*Prompt:*
Copy each line below exactly as it appears. Pictures are to be omitted.

-- Given records follows --

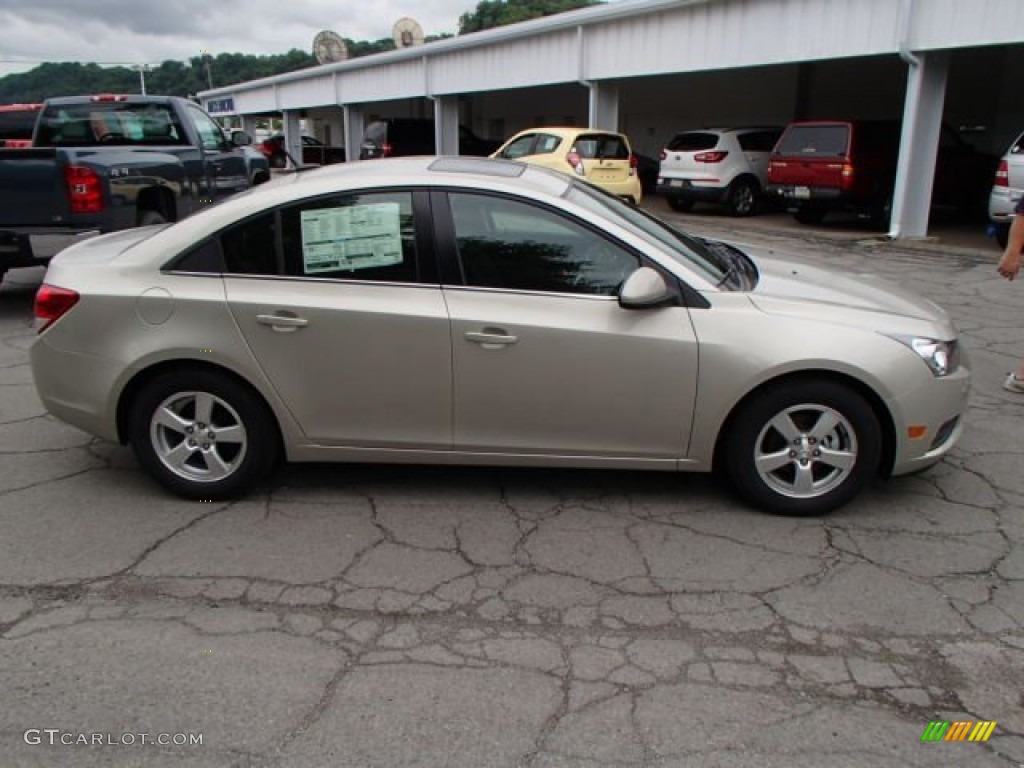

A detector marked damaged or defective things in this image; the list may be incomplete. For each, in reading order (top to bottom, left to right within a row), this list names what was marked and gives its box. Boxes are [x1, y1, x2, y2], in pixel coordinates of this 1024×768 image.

cracked asphalt [2, 207, 1024, 765]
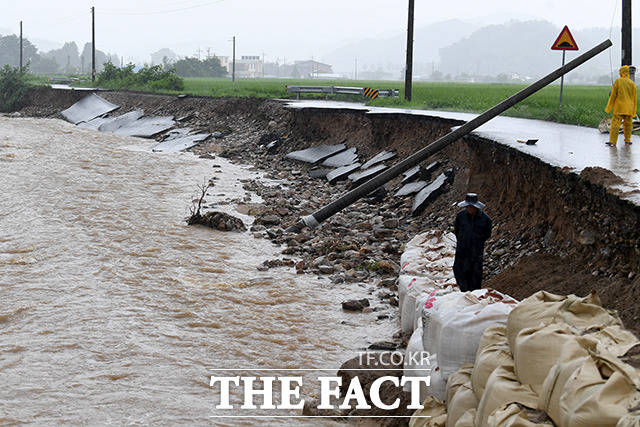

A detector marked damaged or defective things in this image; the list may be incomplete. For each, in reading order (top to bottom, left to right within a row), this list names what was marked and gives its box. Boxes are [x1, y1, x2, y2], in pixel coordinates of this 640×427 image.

broken asphalt slab [61, 93, 120, 125]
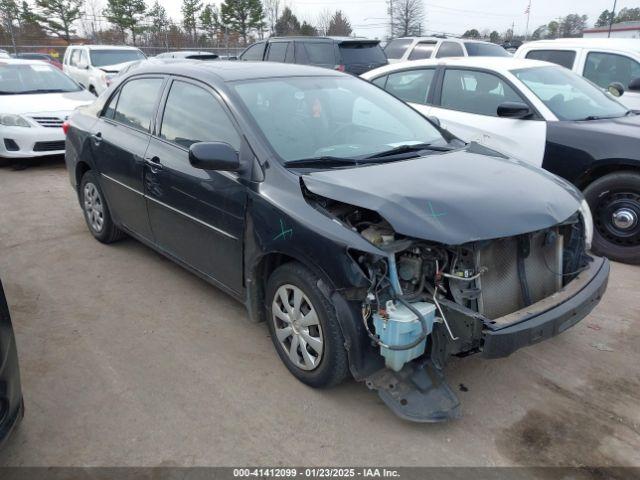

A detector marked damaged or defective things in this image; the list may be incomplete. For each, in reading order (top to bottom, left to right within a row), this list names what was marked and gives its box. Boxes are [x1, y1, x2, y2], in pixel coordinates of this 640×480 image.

damaged dark gray sedan [65, 62, 608, 422]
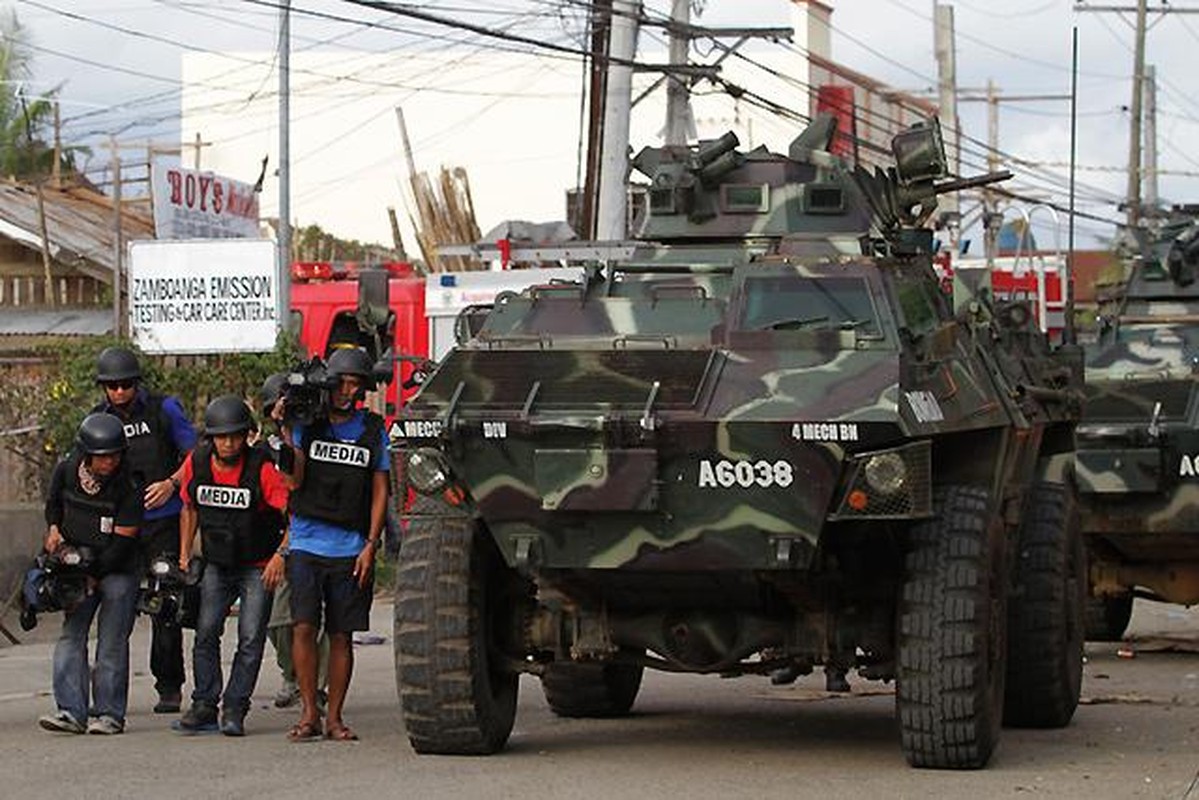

-- Given records concluded --

*Response box:*
A detector marked damaged or defective things in this image; the list may be incomplete. For each, in reading order (top to bottom, left to right within a row), this list names what was marked and gives its box. Boxes are [x1, y1, x2, y2], in pixel coordinates of this 1024×768 image.

cracked asphalt [2, 207, 1024, 765]

A detector marked damaged or defective things in this image; the list may be incomplete. For each, in reading order (top to bottom, left to right within a row), this list names what was marked and gives its box. Boxes are [x1, y1, x2, y2], in pixel coordinates of this 640×427 image.

broken asphalt slab [61, 93, 120, 125]

A detector marked damaged or defective things in this image; the list may be incomplete. For each, in reading order (top to bottom, left to right within a row), this list names what was marked and gives its box. Boxes are [x1, y1, x2, y2], in pixel coordinates of this 640×480 image.

damaged dark gray sedan [65, 62, 608, 422]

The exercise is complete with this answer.